In 1876, the London Society for the Extension of University Education was founded, boosting the aims of encouraging working people to undertake higher education. In 1903, it became the Department of Extra-Mural Studies of the University of London and it was integrated into Birkbeck in 1988. In 2009, the Faculty of Lifelong Learning was incorporated into the main College structure.[8]
Originally known as the London Mechanics' Institute 1823 and later Birkbeck Literary and Scientific Institution, the main building is between Malet Street and Woburn Square in Bloomsbury, with a number of other buildings on nearby streets. The School of Arts, including the Department of English & Humanities, is housed in Virginia Woolf's former Gordon Square residence in Bloomsbury. Other notable former residents of this house include Leslie Stephen, Vanessa Bell, John Maynard Keynes and Lydia Lopokova.
Many Birkbeck classes are taught at other locations across the Bloomsbury area. This is due to a combination of Birkbeck's widening participation strategy to make higher education accessible and also because nearly all classes on one day are taught at the same time, resulting in heavy competition for limited space.
In 2006, it was announced that Birkbeck will be expanding into east London, in conjunction with the University of East London. Initially space will be rented as well as utilising the University of East London Stratford Campus, but the aim is to construct a dedicated facility in Stratford. The project is known as Birkbeck Stratford.[6]
While part-time undergraduate teaching remains the focus and mandate of Birkbeck, the college has recently begun to focus on research in the arts and humanities.
The Birkbeck Institute for the Humanities[9] was established in 2004, with the renowned but controversial Slovenian philosopher Slavoj Žižek appointed as International Director. According to its website, the Institute aims to, among other things, "engage with important public issues of our time through a series of open debates, lectures, seminars and conferences" and "foster and promote a climate of interdisciplinary research and collaboration among academics and researchers". The launch of the Institute wasn't without controversy, provoking an article in The Observer newspaper titled "What have intellectuals ever done for the world?"[10] which criticised the ostensible irrelevance and elitism of contemporary public intellectuals.

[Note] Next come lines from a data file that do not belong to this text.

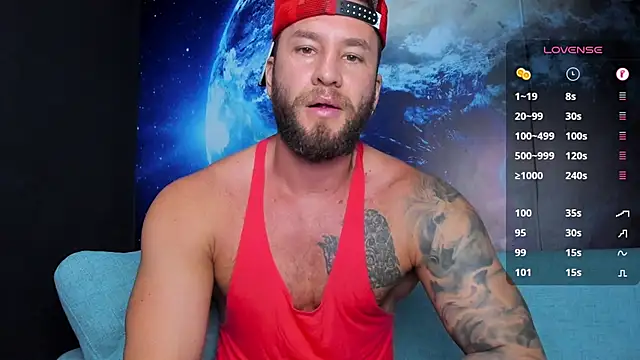 delessandro world online show from March 11, 11:21 pm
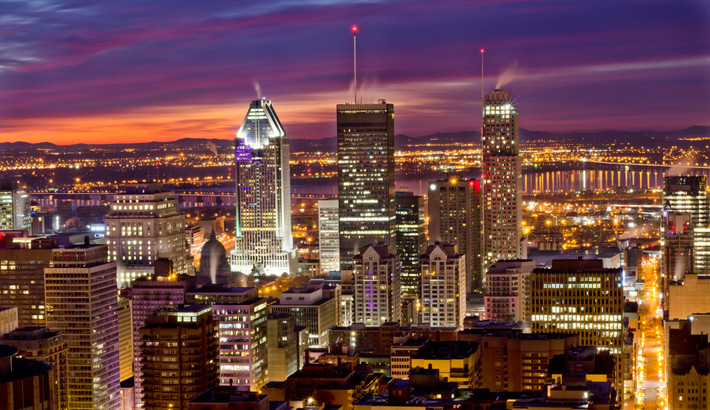 Montreal (Canada) nổi tiếng với nguồn ngân sách dành cho chăm sóc trẻ em. Bạn có thể dễ dàng tìm được bác sĩ gia đình khắp mọi nơi ở Montreal. Ảnh: Narcity.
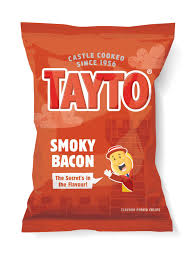 Tayto Smokey Bacon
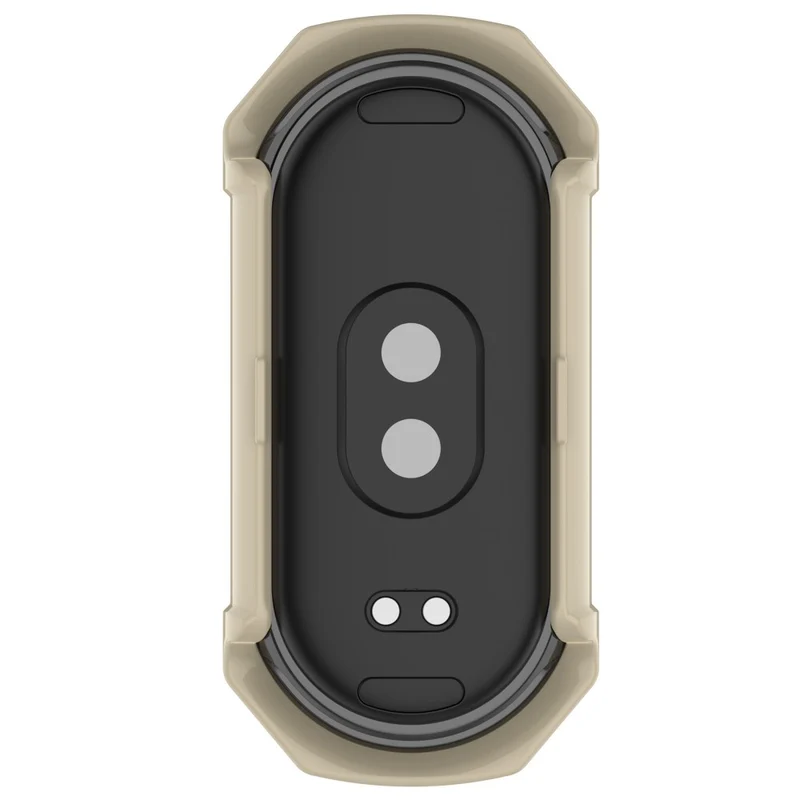 Xiaomi Mi Band 9 Glas und Plastik Displayschutz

2004 also saw Birkbeck enter into a research and teaching collaboration with the Institute of Education, jointly founding the London Knowledge Lab. This interdisciplinary research institute brings together social scientists and computer scientists to address research questions about technology and learning.[11]

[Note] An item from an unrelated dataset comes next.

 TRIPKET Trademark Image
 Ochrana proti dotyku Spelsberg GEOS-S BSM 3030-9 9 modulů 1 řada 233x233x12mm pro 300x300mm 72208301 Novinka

Meanwhile, the London Consortium graduate school — a collaboration between Birkbeck, the Tate Galleries, the Institute of Contemporary Arts, the Architectural Association, and, until 1999, the British Film Institute - has been running since the mid-1990s, offering masters and doctoral degrees in the interdisciplinary humanities and cultural studies, resourced and jointly taught by all the participating institutions. Its permanent and adjunct faculty include figures such as Tom McCarthy, Colin MacCabe, Laura Mulvey, Steven Connor, Marina Warner, Juliet Mitchell, Stuart Hall, Roger Scruton, Salman Rushdie, Tilda Swinton as well as Žižek. Its current chair is Anthony Julius.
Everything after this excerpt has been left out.